◆ **What you have to do**: Once you have found the line with "Two, black non-stick, 8" in the records below, retype it and every line after it to the end exactly, with no pictures and nothing more.
[Records shown — start]
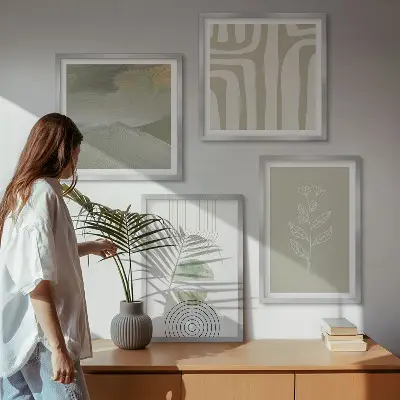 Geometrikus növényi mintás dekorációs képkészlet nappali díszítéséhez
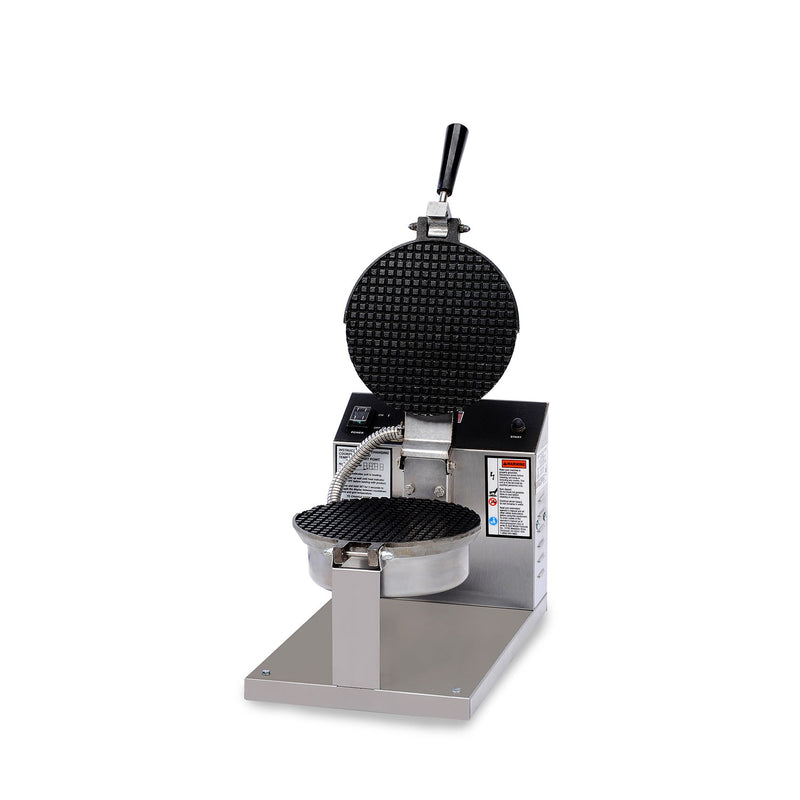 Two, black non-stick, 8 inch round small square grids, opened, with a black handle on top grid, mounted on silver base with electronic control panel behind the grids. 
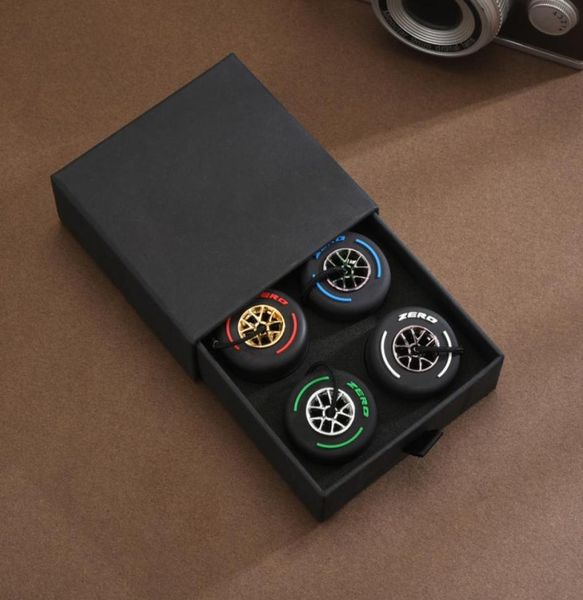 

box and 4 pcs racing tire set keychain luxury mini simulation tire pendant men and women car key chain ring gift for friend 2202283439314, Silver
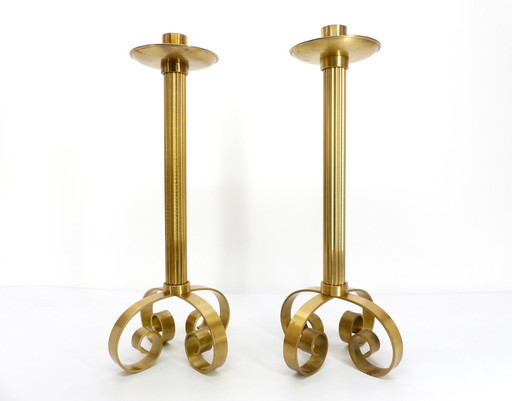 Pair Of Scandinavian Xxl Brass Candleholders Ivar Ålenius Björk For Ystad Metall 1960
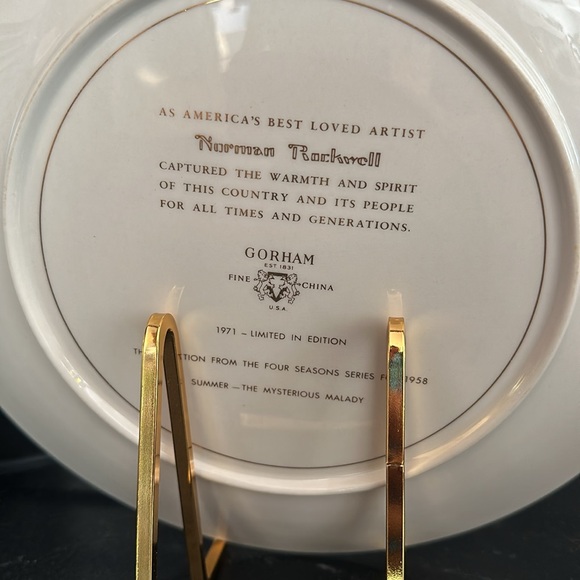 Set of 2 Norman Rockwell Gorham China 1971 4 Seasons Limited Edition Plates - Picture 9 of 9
[Records shown — finish]
◆ **Solution below**:
 Two, black non-stick, 8 inch round small square grids, opened, with a black handle on top grid, mounted on silver base with electronic control panel behind the grids. 

box and 4 pcs racing tire set keychain luxury mini simulation tire pendant men and women car key chain ring gift for friend 2202283439314, Silver
 Pair Of Scandinavian Xxl Brass Candleholders Ivar Ålenius Björk For Ystad Metall 1960
 Set of 2 Norman Rockwell Gorham China 1971 4 Seasons Limited Edition Plates - Picture 9 of 9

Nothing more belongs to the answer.